Fidelis Insurance Holdings Limited has successfully placed a new catastrophe bond to bolster its reinsurance protections against major seismic events.
The global specialty insurer announced today that its subsidiary, Fidelis Insurance Bermuda Limited, closed the transaction through the issuance of Series 2026-1 Class A Principal-at-Risk Variable Rate Notes.
This marks the eighth series of notes issued under the Herbie Re Ltd. program, continuing a long-standing strategy of leveraging the capital markets for risk transfer.
The $75 million issuance will provide Fidelis Insurance Group with annual aggregate, industry-loss triggered protection against losses from earthquakes affecting the United States and the District of Columbia. This source of collateralized retrocessional reinsurance protection will cover the company over an almost four-year term, scheduled to run through the end of 2029.

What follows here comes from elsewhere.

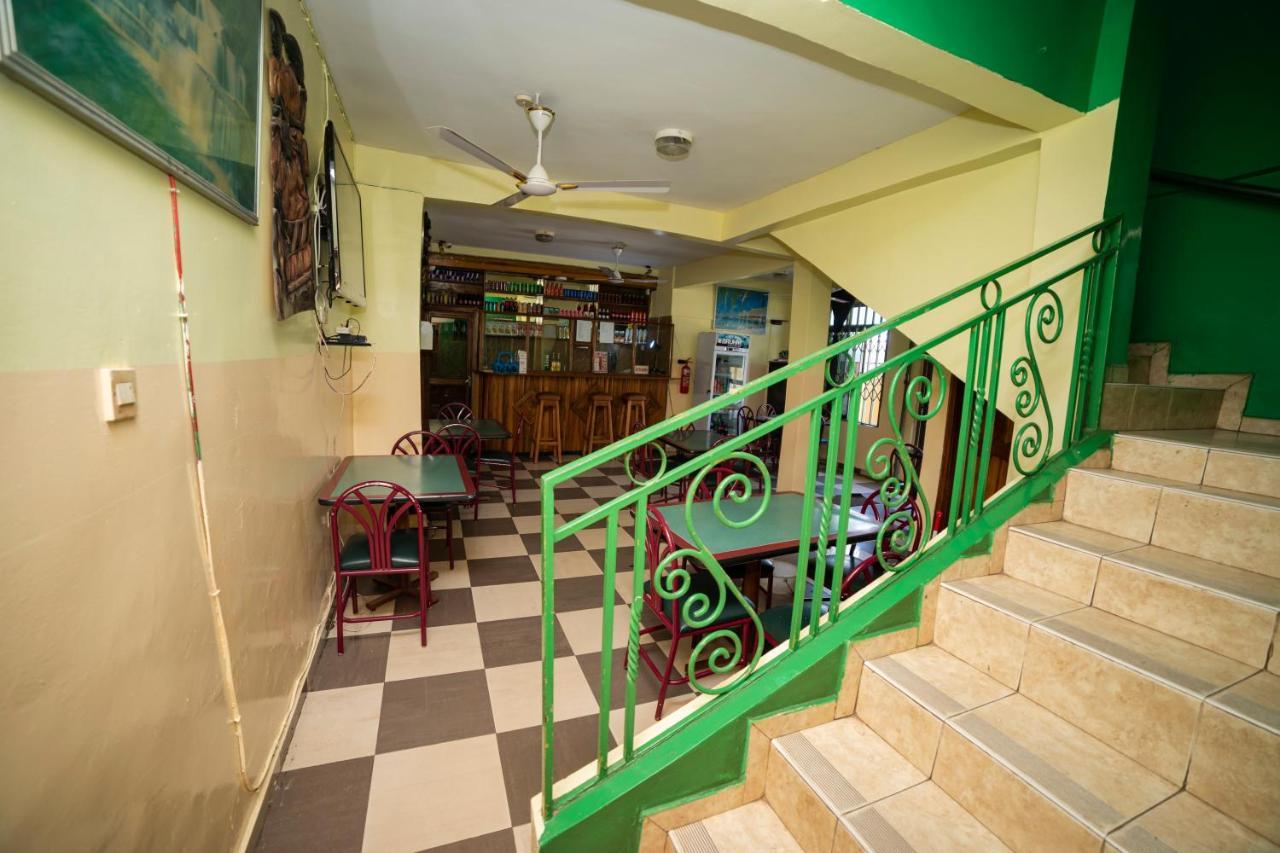 Bombay Hotel Accra Bagian luar foto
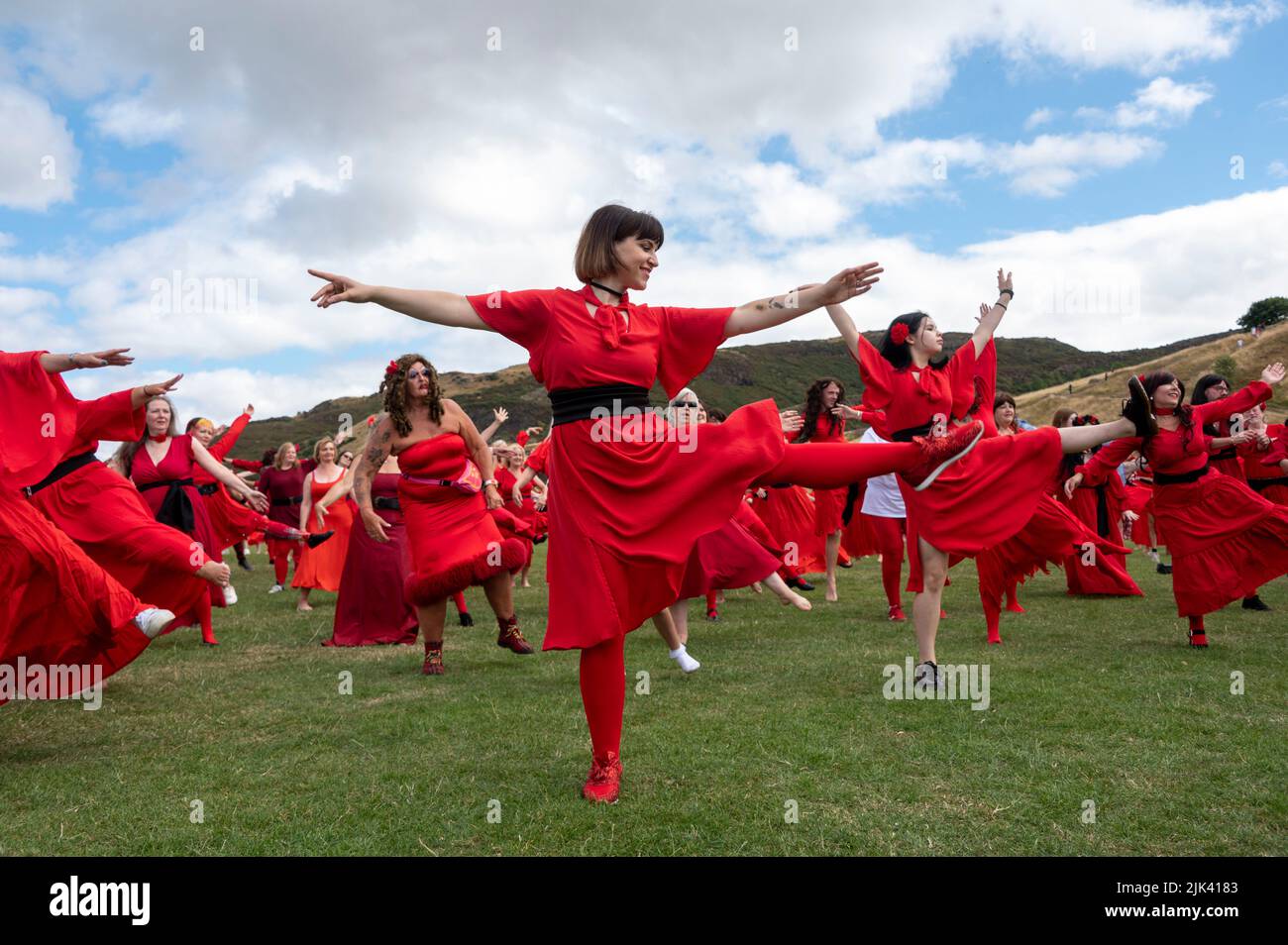 Edimburgo, Regno Unito. 30th luglio 2022. Il giorno delle alture più Wuthering di sempre è uno dei giorni più gioiosi dell'anno. Fu un'idea fondata da Shambush, un gruppo di performance britannico a Brighton nel 2013. Da allora, è diventato un fenomeno mondiale riunito da un collettivo globale di organizzatori di eventi amatoriali e professionali a livello internazionale. Eseguiamo l'evento con l'obiettivo di diffondere gioia e celebrare la musica di Kate Bush con una danza coreografica alla musica di Wuthering Heights. Credit: Andrew o'Brien/Alamy Live News Foto Stock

The successful placement of this bond demonstrates the continued appetite among institutional investors for high-quality insurance-linked securities (ILS). It also highlights Fidelis's disciplined approach to risk selection and capital allocation in an evolving reinsurance landscape.
The move follows a busy year for the specialty insurer, which was recently highlighted when Fidelis achieved a record combined ratio and grew premiums in its Q3 2025 results.
Ian Houston (pictured), chief underwriting officer at Fidelis Insurance Group, noted that the issuance builds on the sustained success of the Herbie Re program. “Building on the success of our Herbie Re Catastrophe Bond program, we are pleased to announce the latest issuance for Fidelis Insurance Group,” Houston said.
“Catastrophe bonds remain a crucial element of our comprehensive capital management and external protection framework, delivering substantial capital efficiency and robust protection against severe events.”
He added that this new issuance extends coverage across the company's entire portfolio, including business written through The Fidelis Partnership and other new underwriting partnerships.
This expansion is part of the group's broader strategy to capitalize on favorable risk-reward opportunities, a vision that was also advanced when The Fidelis Partnership launched a consortium to insure AI data center construction.
The new bond further strengthens Fidelis’s holistic reinsurance strategy, which already utilizes a mix of quota share agreements, excess of loss treaties, and industry loss warranties (ILWs).
By diversifying its sources of capital protection, the group ensures that its balance sheet remains resilient against severe and unpredictable catastrophe losses.
The Series 2026-1 catastrophe bond was officially priced on January 16, 2026, and successfully closed on January 22, 2026. Aon Securities LLC played a pivotal role in bringing the deal to market, acting as the Sole Structuring Agent and Sole Bookrunner for the transaction. Legal counsel for Fidelis Insurance Group and Herbie Re was provided by Willkie Farr & Gallagher (UK) LLP.